If it takes two successive quarters of falling GDP to enter a recession, how can a country emerge from recession with only one quarter of growth? In the past week or so, journalists have declared the recession over in France, Germany and now Japan . Of course, most reports rightly ask how long this will last and stress that a genuine recovery is far from certain , Reuters Blogs reports.
Meanwhile, government figures showed that the economy expanded by 0.9% in the three months to June, which is equivalent to nearly 4% annual growth rate.
However, Japan's economic health is far from robust, and the government warned that the recovery is still fragile.
"The outlook remains severe, but we expect the economy to head towards a recovery," said economic and fiscal policy minister, Yoshimasa Hayashi.

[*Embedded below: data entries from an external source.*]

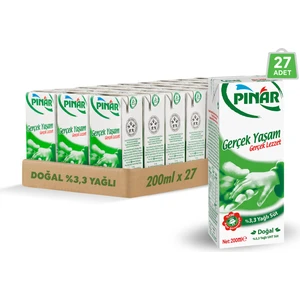 Yağlı Süt 200 ml x 27 Adet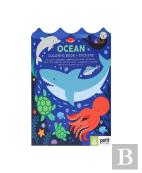 Ocean Coloring Book + Stickers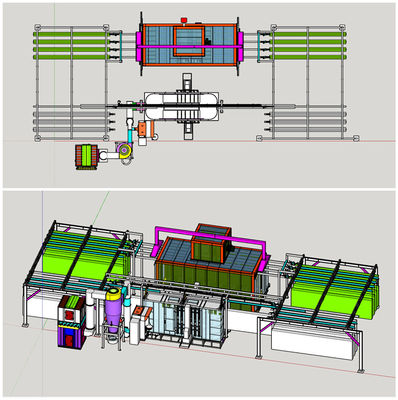 Substrat Baja Industri Peralatan Pelapisan Serbuk Otomatis Kontrol PLC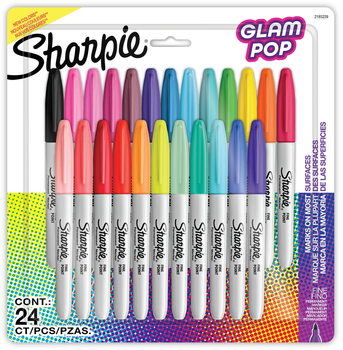 Zestaw markerów Sharpie Permanent Marker Fine Glam Pop 24 szt (3026981987793)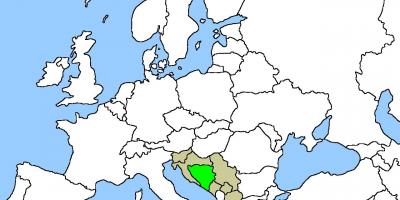 Карта Босне локација на 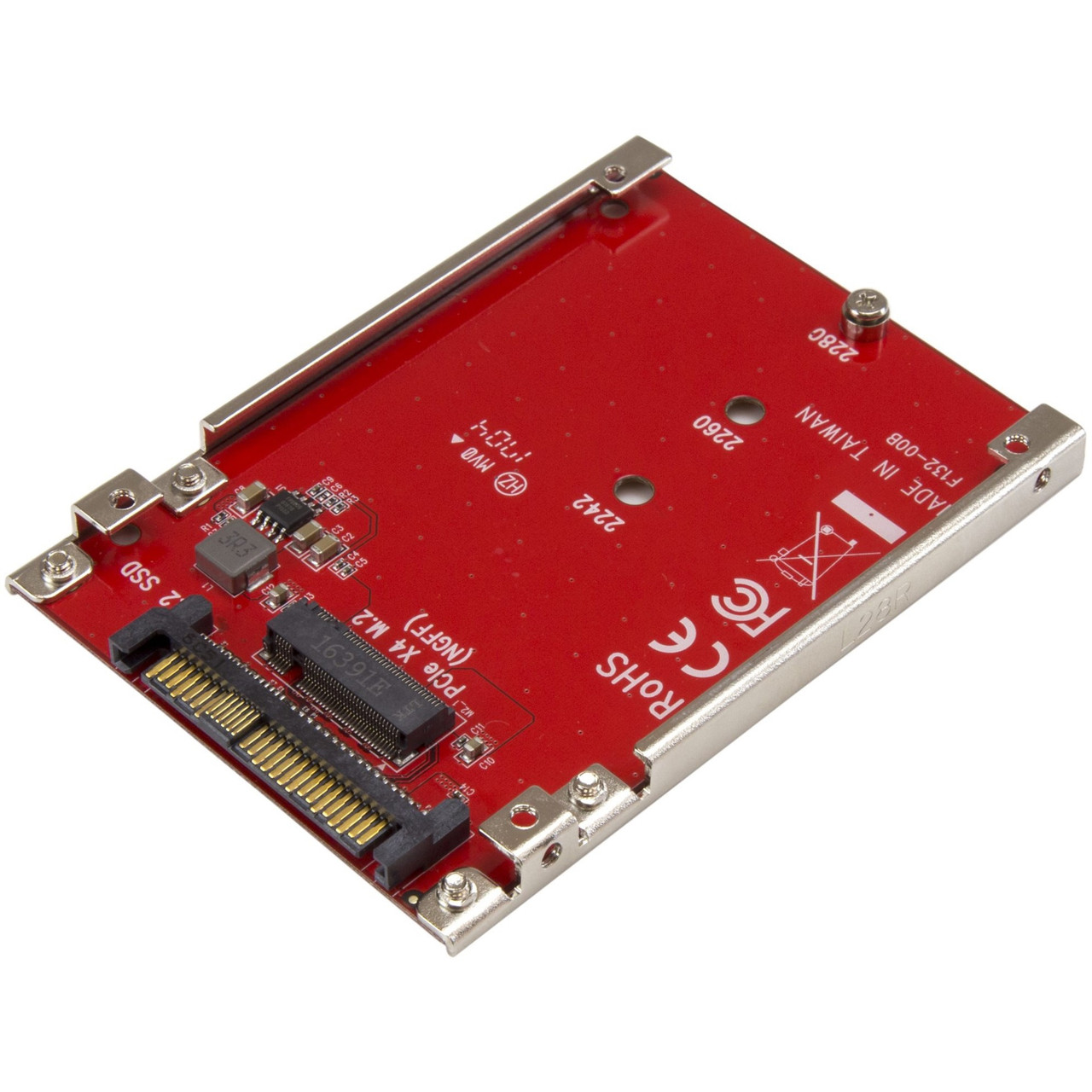 Startech M.2 to U.2 Adapter - M.2 Drive to U.2 (SFF-8639) Host Adapter for M.2 PCIe NVMe SSDs - M.2 Drive Adapter - M.2 PCIe SSD Adapter - U2M2E125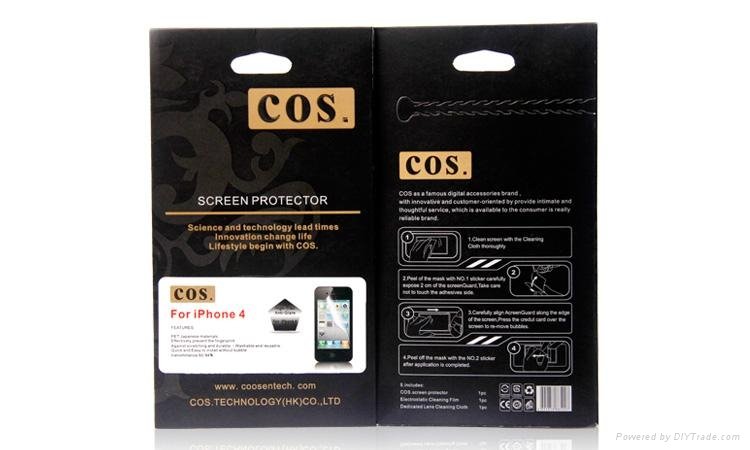 COS- Protective Film for iphone4&4s,High Through Frosted 5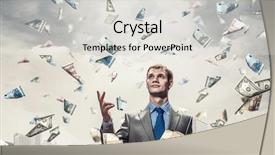  Presentation with rich - Slide deck featuring dreaming to become rich background and a light gray colored foreground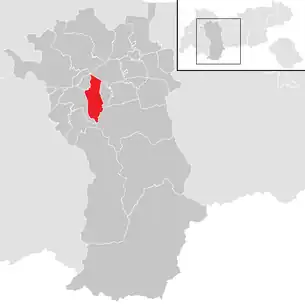 Lage der Gemeinde Roppen im Bezirk Imst (anklickbare Karte)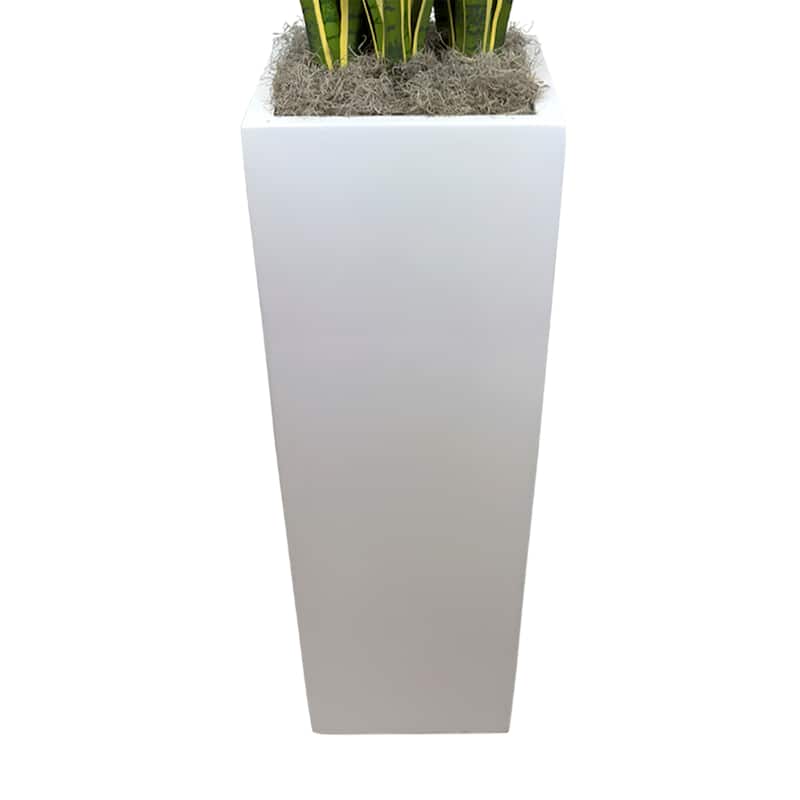 6 ft Faux Snake Plant in Fiberstone Pot - Green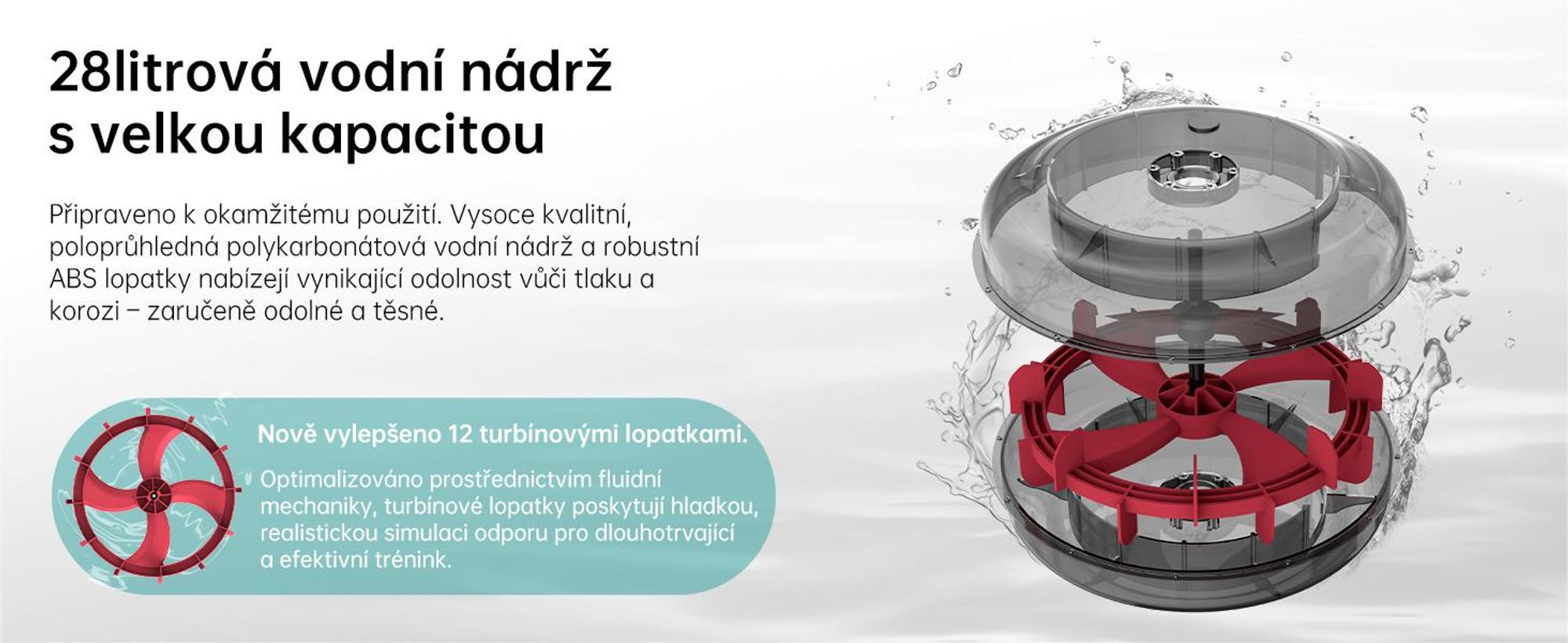 JASPORT R3 skladací vodný veslovací trenažér na doma z ho dubového dreva Bluetooth, LCD, Kinomap, 28 l, do 150 kg – Sapele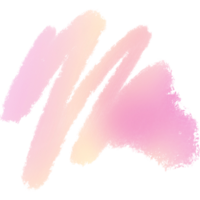 A messy pink Yellow gradient stroke with gritty hand drawn textures png
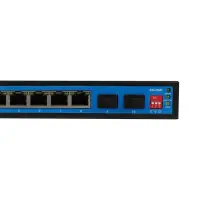 Ethernet Switch Ewind EW-S1910FG-DP 8xRJ45 10/100/1000Mbps + 2x1000Mbps  Giga PoE Switch with 2xGiga SFP IP30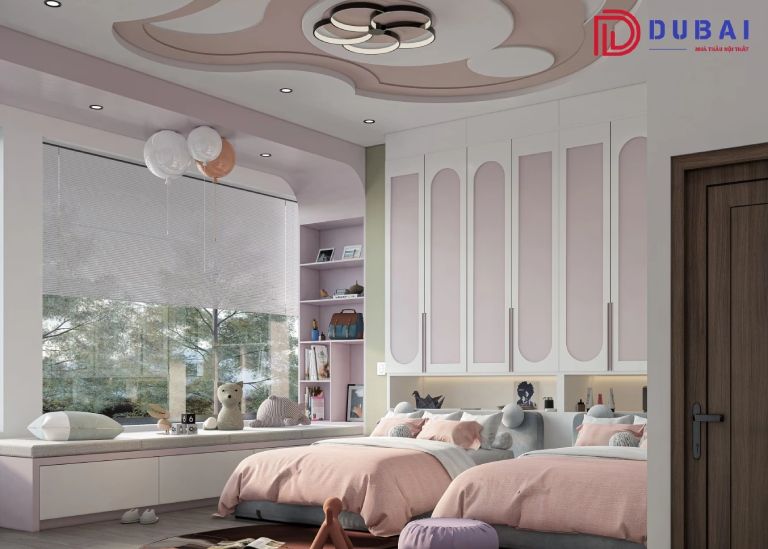 phòng ngủ cho bé gái 18 tuổi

Although the headline growth figure was strong, the detail revealed weakness still exists.
Residential investment fell by 9.5% and private demand shrank by 1.3% , Sky News reports.
However, for the first time in five quarters, Japanese GDP is back to rising: in the second quarter it saw +0.9%, compared with -3.1% in the first quarter and -3.5% in the fourth quarter of 2008.
On the year the growth was even greater, at +3.7%. Leading the Japanese recovery is the export sector, which rose by 6.3% (first increase in 5 quarters) , AGI - Agenzia Giornalistica Italia reports.